Why am I receiving these proxy materials?
We are furnishing you these proxy materials in connection with the solicitation of proxies on behalf of our Board of Directors (the “Board”) for use at the Annual Meeting. This proxy statement includes information that we are required to provide under SEC rules and is designed to assist you in voting your shares.
Proxies in proper form received by us at or before the time of the Annual Meeting will be voted as specified. You may specify your choices by marking the appropriate boxes on your proxy card. If a proxy card is dated, signed and returned without specifying choices, the proxies will be voted in accordance with the recommendations of the Board set forth in this proxy statement, and, in their discretion, upon such other business as may properly come before the Annual Meeting. Business transacted at the Annual Meeting will be confined to the purposes stated in the Notice of Annual Meeting. Shares of our common stock, par value $0.01 per share (“Common Stock”), cannot be voted at the Annual Meeting unless the holder is present in person or represented by proxy.
How can I get electronic access to the proxy materials?
The Notice will provide you with instructions on how to (1) view our proxy materials for the Annual Meeting on the Internet, and (2) instruct us to send proxy materials to you by email. The proxy materials are also available under the “Investor Relations” tab on our website at www.amnhealthcare.com.

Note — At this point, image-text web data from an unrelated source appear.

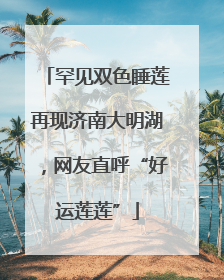 罕见双色睡莲再现济南大明湖，网友直呼“好运莲莲”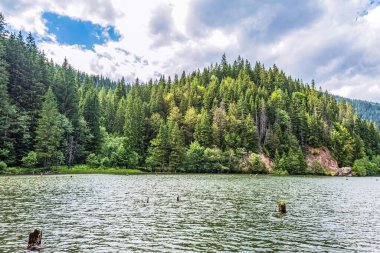 Bulutlu gökyüzünün altındaki ağaçlarla çevrili güzel bir göl manzarası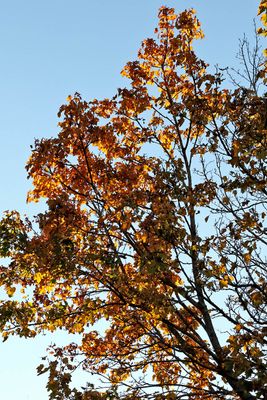 In October's Light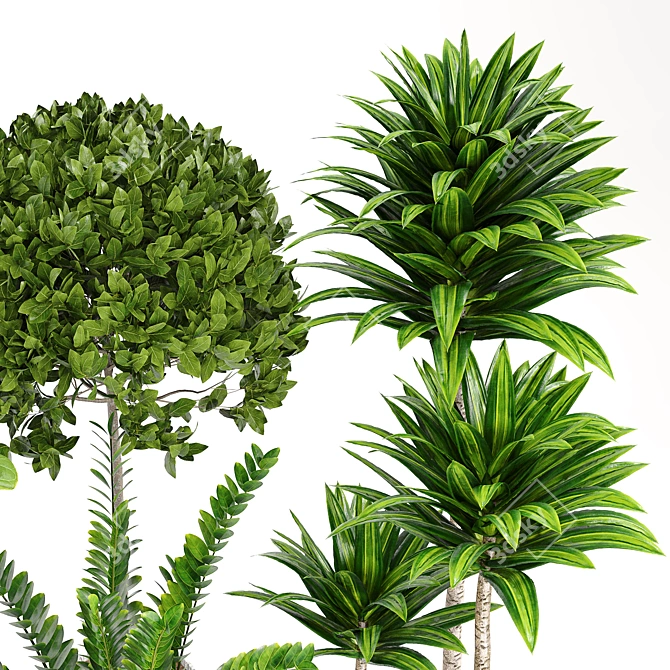 14-Piece Indoor Plant Collection: Variety and Elegance 3D model image 1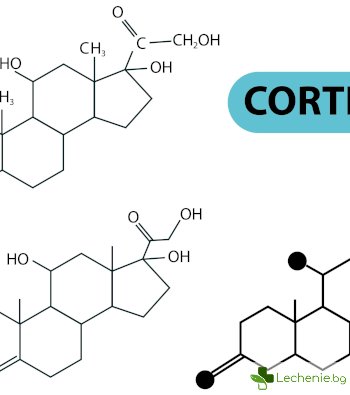 Кортизолът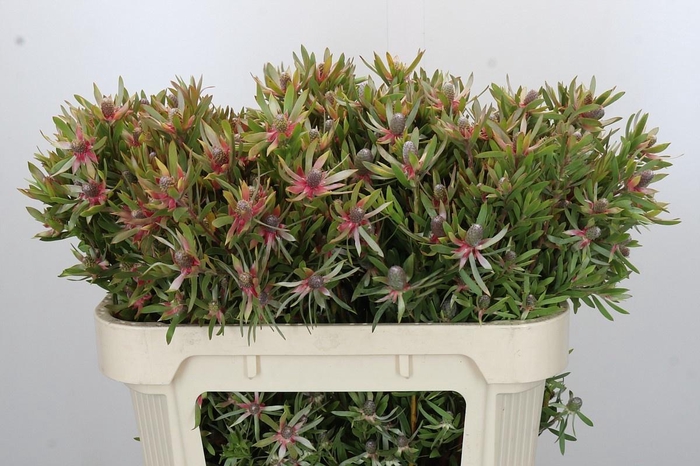 <h4>LEUCAD AYOBA ST PEAR</h4>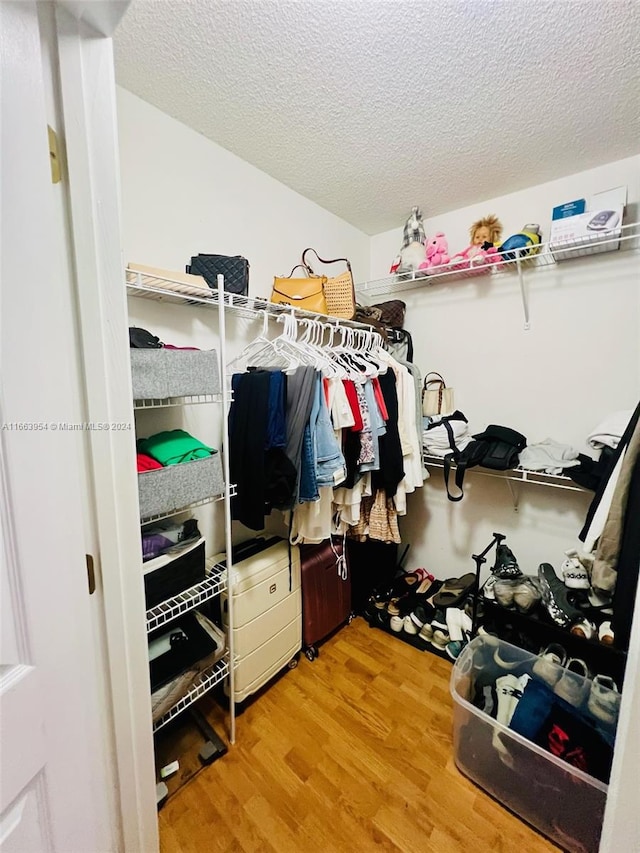 spacious closet with hardwood / wood-style floors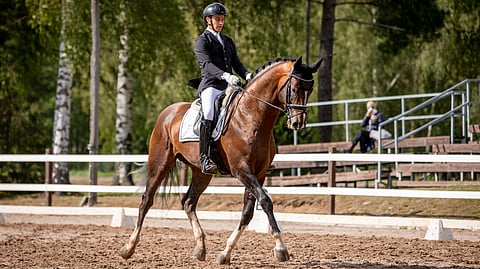 Sami Vuoristo ja New Hill Danneman viime kesänä.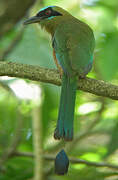 Motmot à tête bleue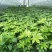 基地直销各规格精品八角金盘，量大从优，欢迎选购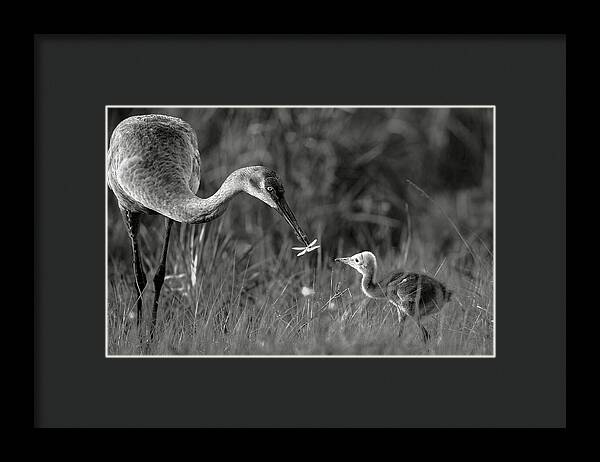 Todays lesson - Framed Print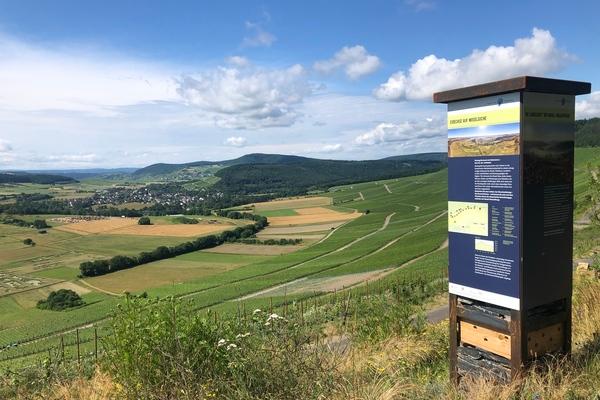 Themenweg Eidechse auf Moselsuche 2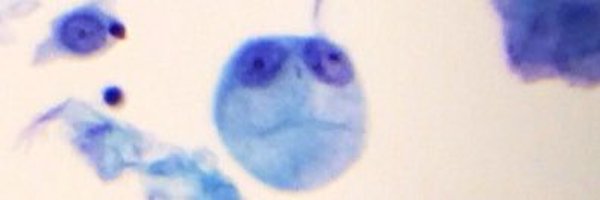 rezaesh58 Profile Banner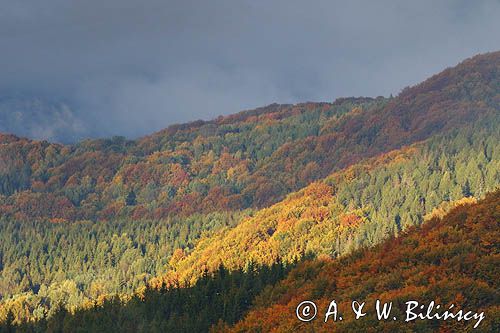 W chmurach, poranek na Wetlińskiej, Bieszczady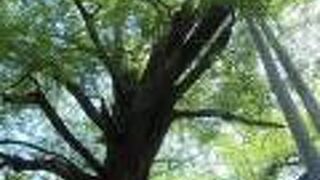 秋の紅葉は、周囲のモミジと相まって見事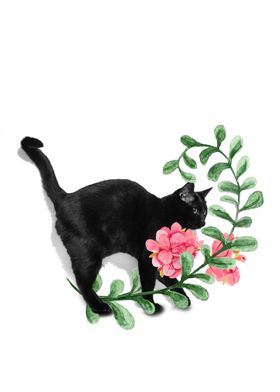 The capricious black cat
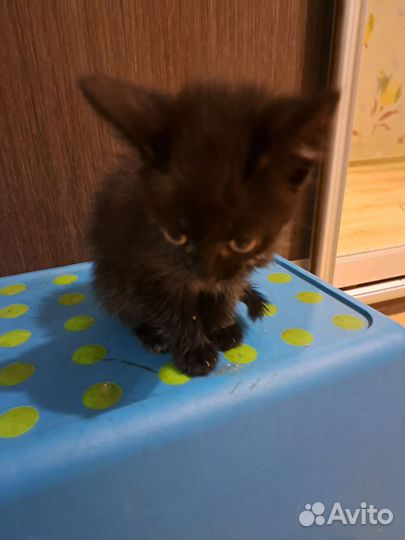 Кошка в дар бесплатно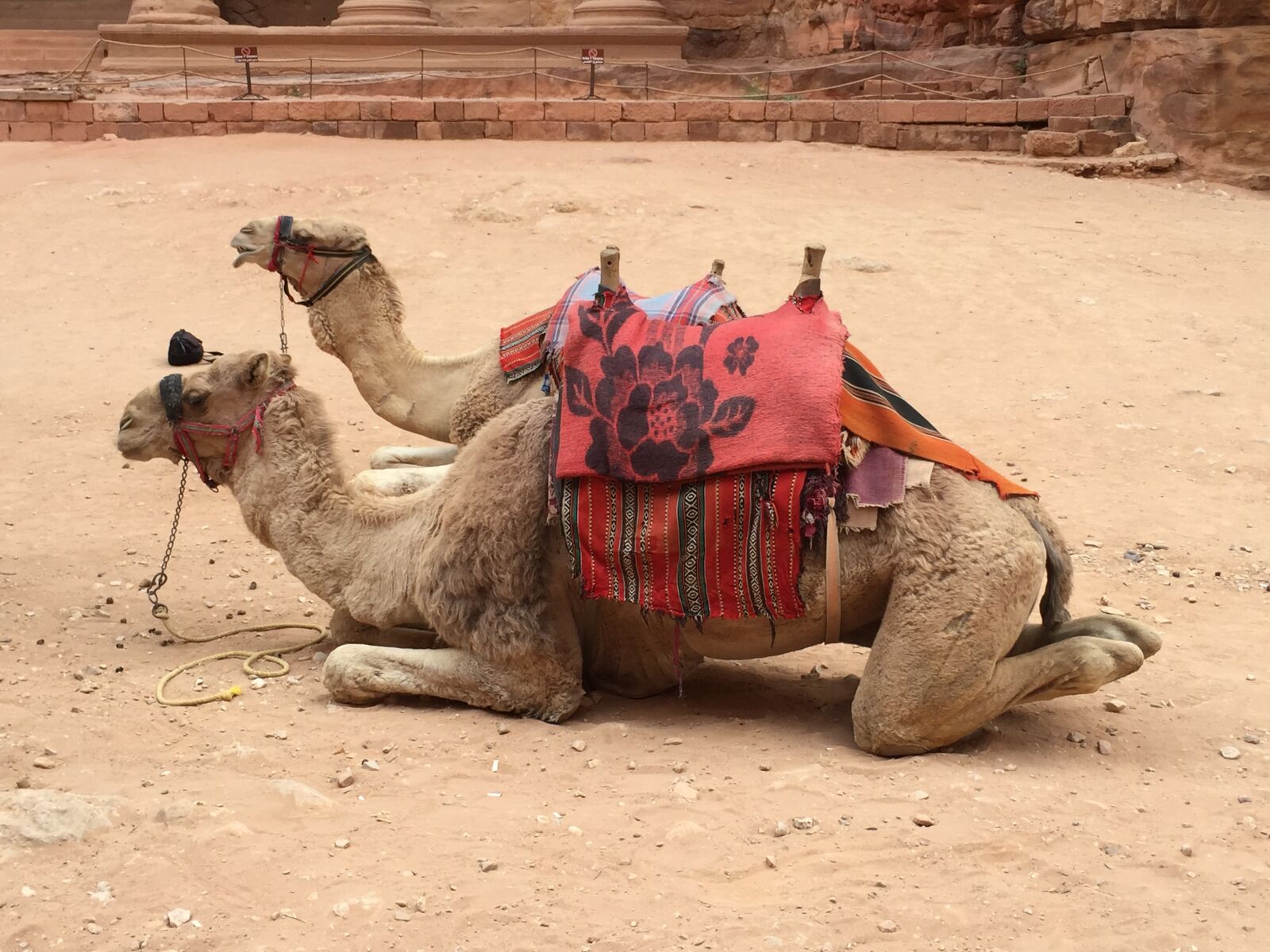 Apple iPhone 6 sample photo. Camel, camels, sitting camel photography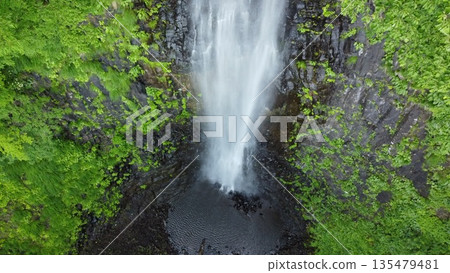 Tamadare Falls surrounded by fresh greenery Tamadare Falls surrounded by fresh greenery 135479481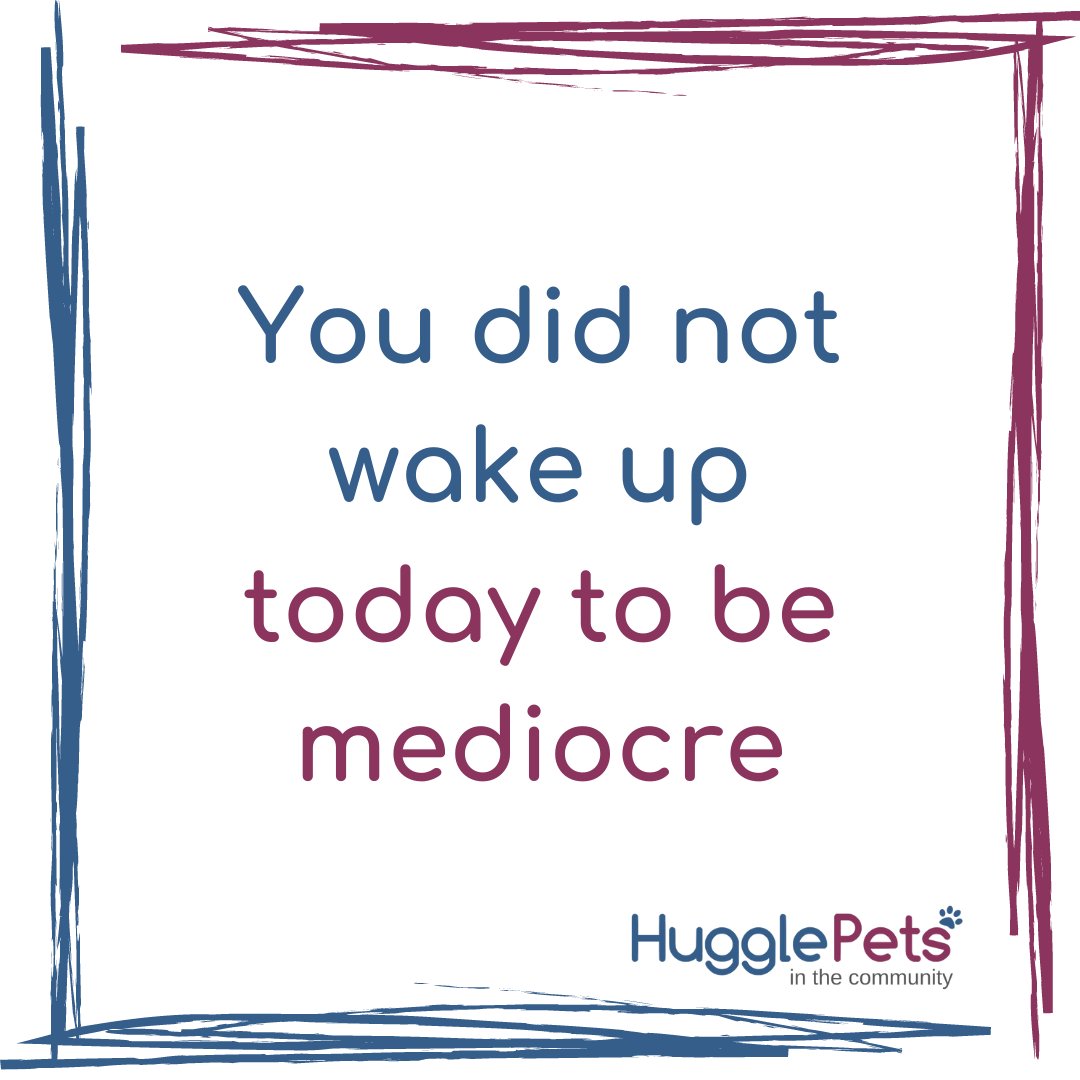 HugglePetsCIC's tweet photo. This Monday's positive affirmation!
You are AMAZING never mediocre! Go and have a great day everyone!
#positivemind #positivevibes #positiveenergy #mondaymotivaton #positivemondays #hugyourcommunity https://t.co/XLQBIPO5Sp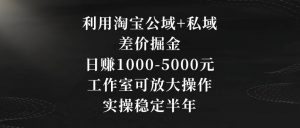 利用淘宝公域+私域差价掘金,日赚1000-5000元,工作室可放大操作,实操稳定半年【揭秘】-第一资源库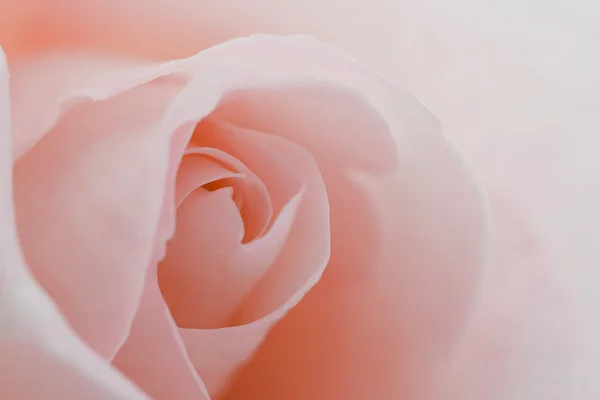 Macro flor bela rosa — Fotografia de Stock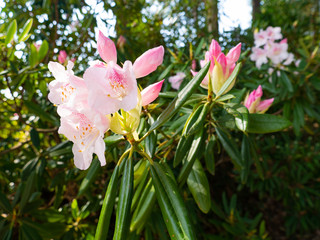 Flowers of rhododendron are start to bloom in Saga prefecture, JAPAN.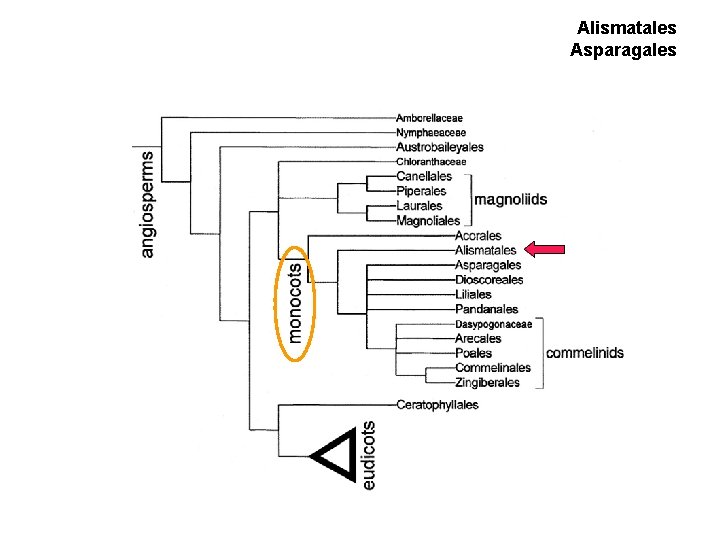 Alismatales Asparagales Alismatales Asparagales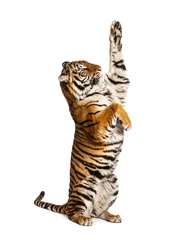 Fotobehang Male tiger on hind legs, big cat, isolated on white © Eric Isselée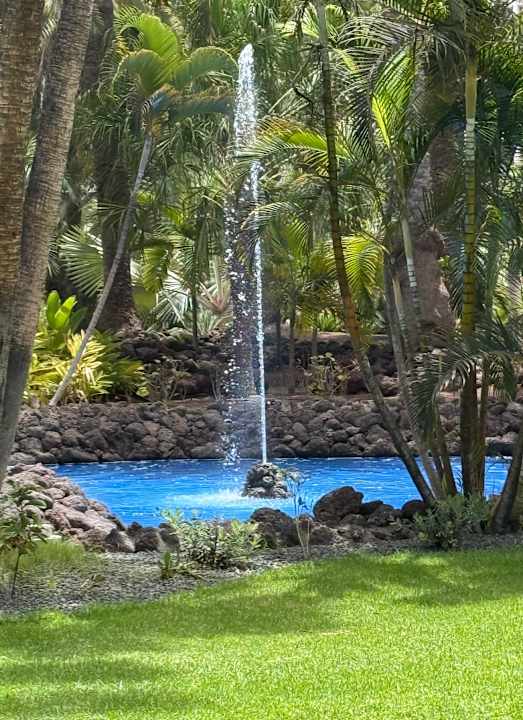 Gartenanlage Hotel Riu Palace Oasis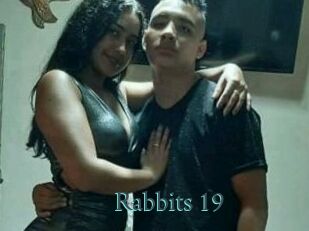 Rabbits_19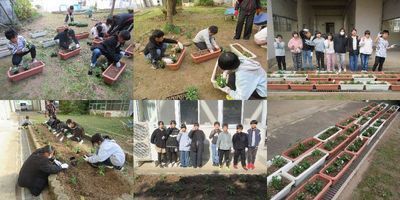 花いっぱい運動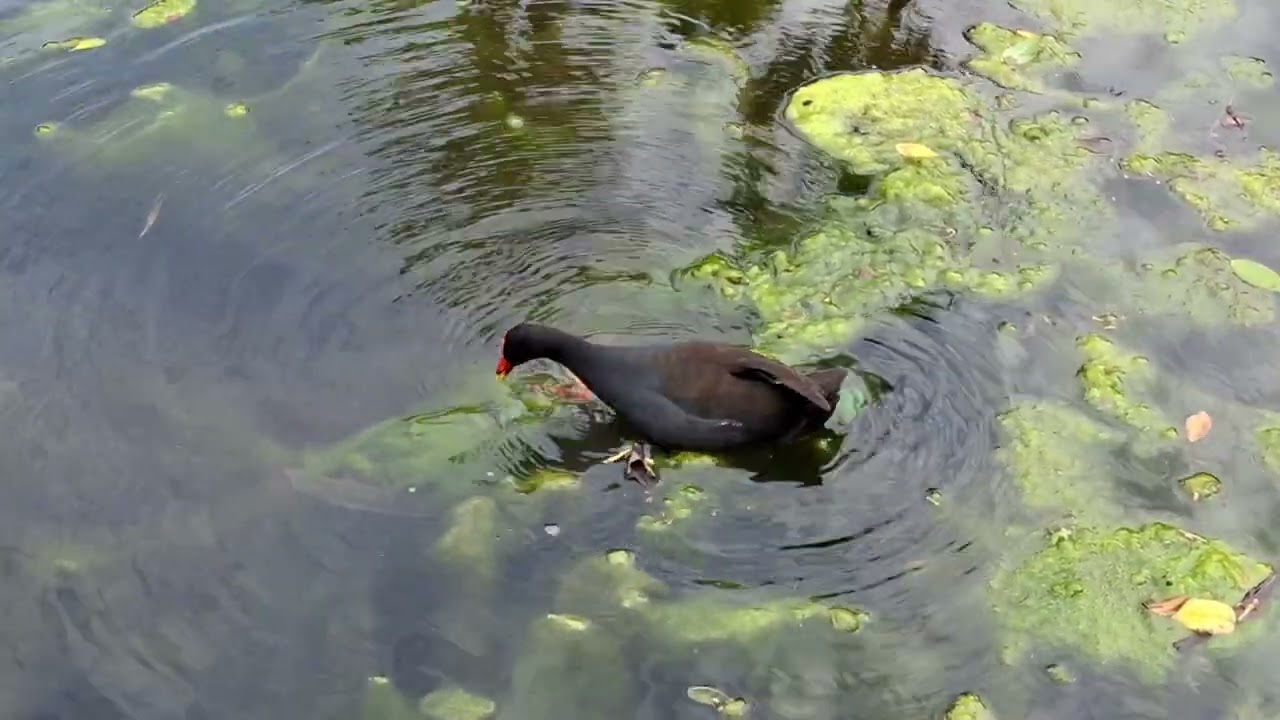 뭘 먹고 있는지(Common Moorhen) #쇠물닭 #common moorhen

Choosing to access our proxy materials electronically will save us the cost of printing and mailing documents to you, and will reduce the impact of our annual meetings on the environment.
What is included in the proxy materials?
Our proxy materials include:
- Our Notice of Annual Meeting of Shareholders,
- This proxy statement, and
- Our 2017 Annual Report including the financial statements set forth in our annual report on Form 10-K (“2017 Annual Report”).
If you receive a paper copy of these materials by mail, the proxy materials will also include a proxy card.
Who pays the cost of soliciting proxies for the Annual Meeting?
Proxies will be solicited on behalf of the Board by mail, telephone, email or other electronic means or in person, and we will pay the solicitation costs. We will supply our proxy materials, including our 2017 Annual Report, to brokers, dealers, banks and voting trustees, or their nominees for the purpose of soliciting proxies from beneficial owners, and we will reimburse them for their reasonable expenses. We have retained MacKenzie Partners, Inc. to assist in soliciting proxies for a fee of $9,000, plus reasonable out-of-pocket expenses.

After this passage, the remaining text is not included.